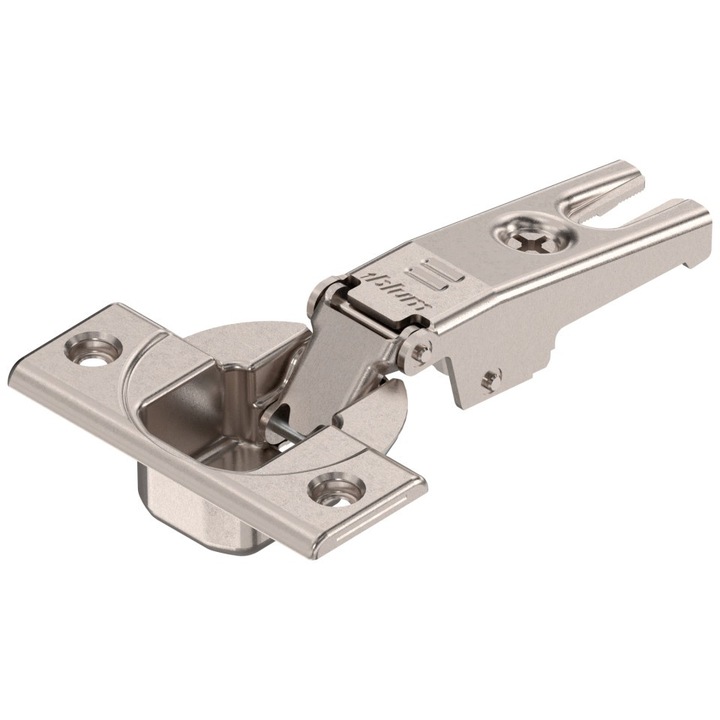 Balama MODUL pentru usa frigider incorporat 91K9550 MB V250 NI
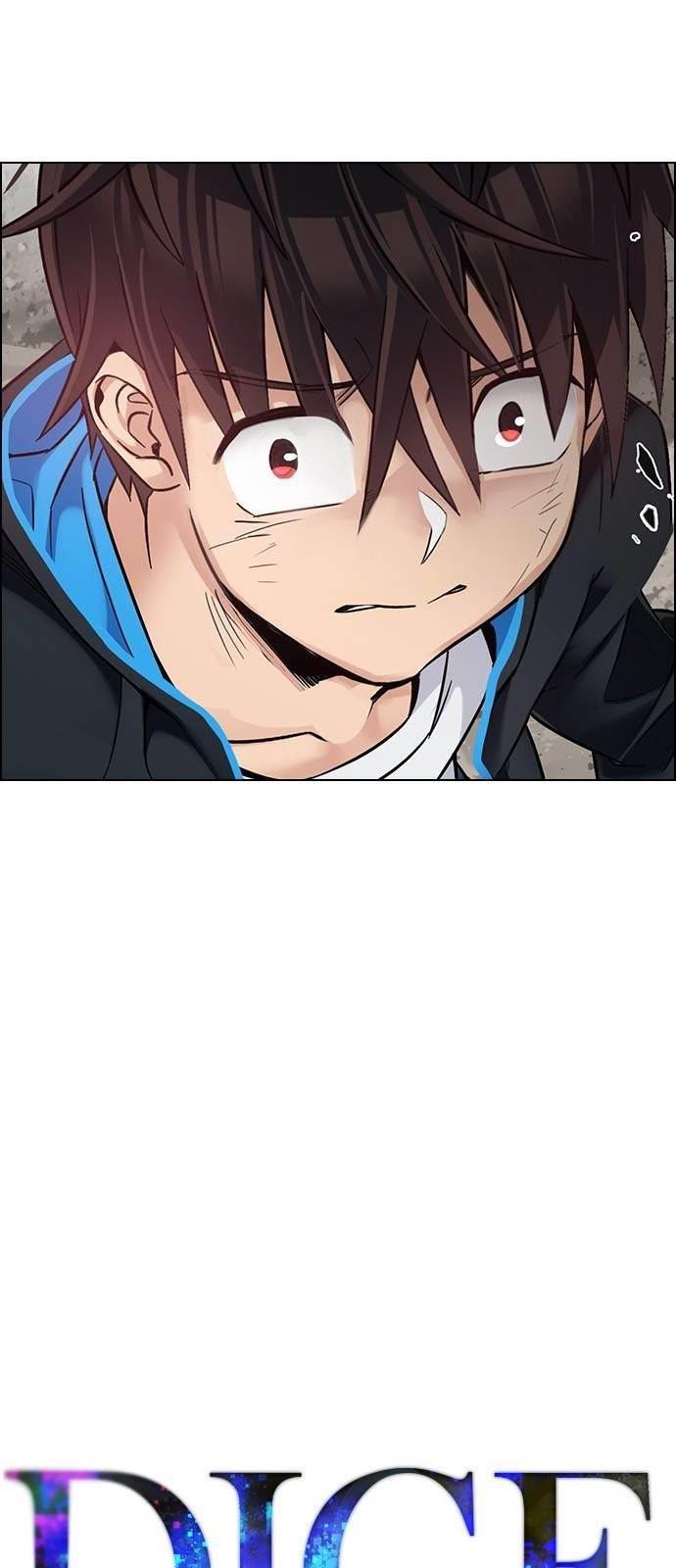 Dice: The Cube That Changes Everything Chapter 370 - Page 5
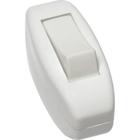 Interruptor Meio Cordao Perlex Reforcado 168Br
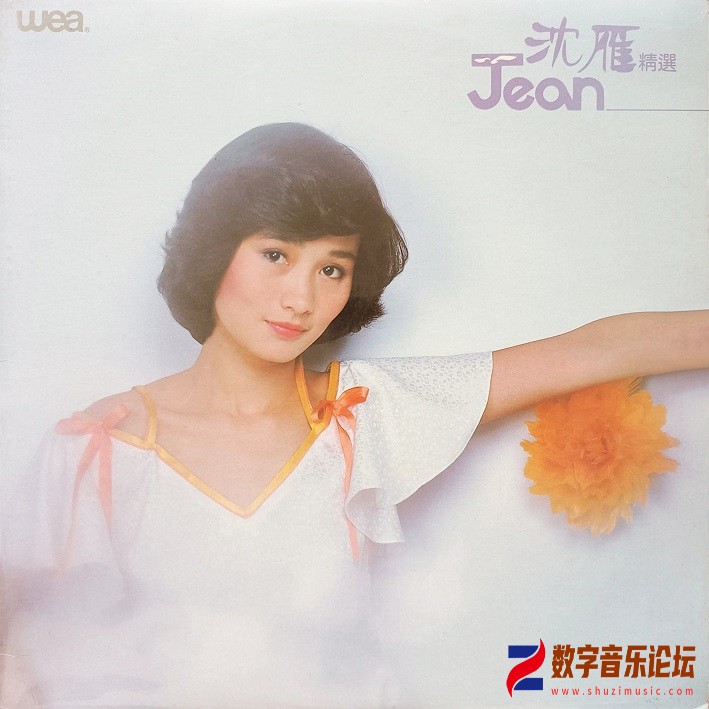 cover01.jpg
* * * * * * *
Each line of the listing above belongs in the answer exactly as written; the pictures do not.

 Balama MODUL pentru usa frigider incorporat 91K9550 MB V250 NI
 Dice: The Cube That Changes Everything Chapter 370 - Page 5
 Interruptor Meio Cordao Perlex Reforcado 168Br
 cover01.jpg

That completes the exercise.